# Prompt
Print every line below exactly as written, but leave the pictures behind.

# Data provided

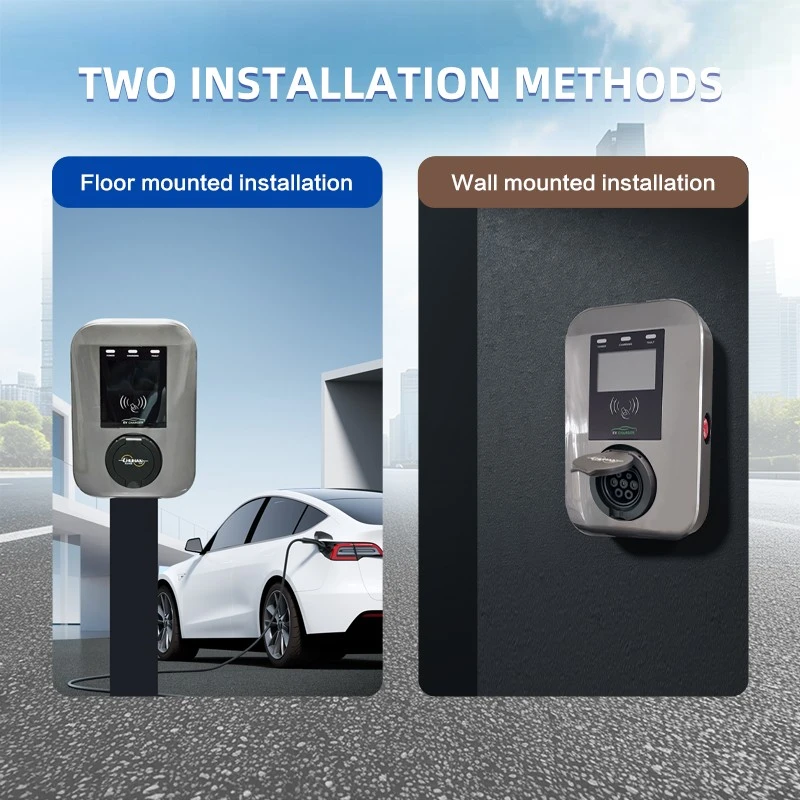 Type 1/2 Fast Ev Charger price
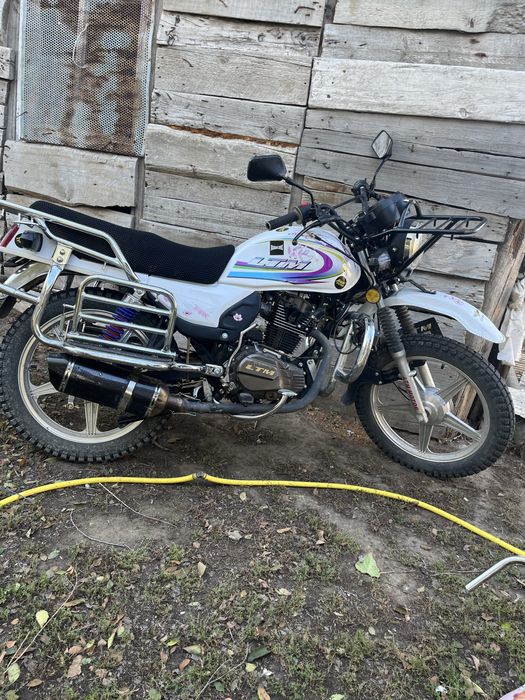 Продам мото лтм 250f9
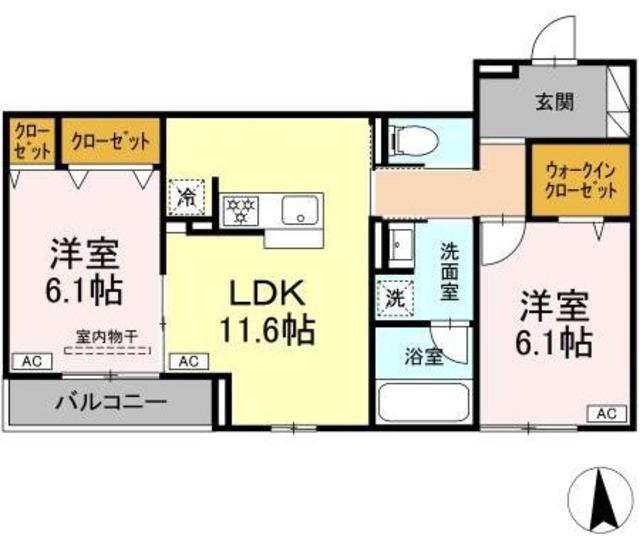 D-ROOM東葛西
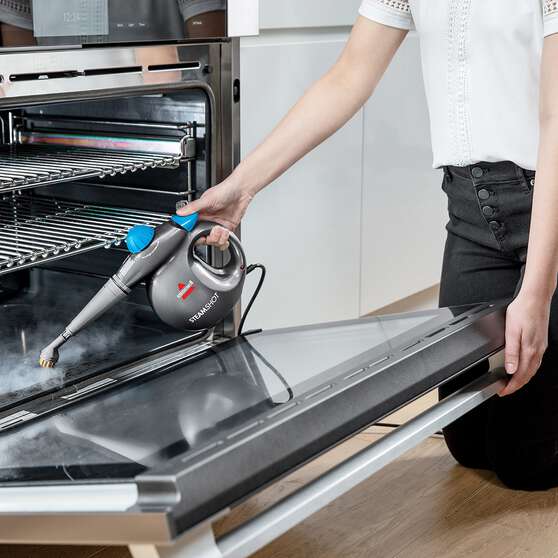 Bissell Steam Shot Steam Cleaner - 2635M, , scanz_hi-res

# Answer to the exercise
 Type 1/2 Fast Ev Charger price
 Продам мото лтм 250f9
 D-ROOM東葛西
 Bissell Steam Shot Steam Cleaner - 2635M, , scanz_hi-res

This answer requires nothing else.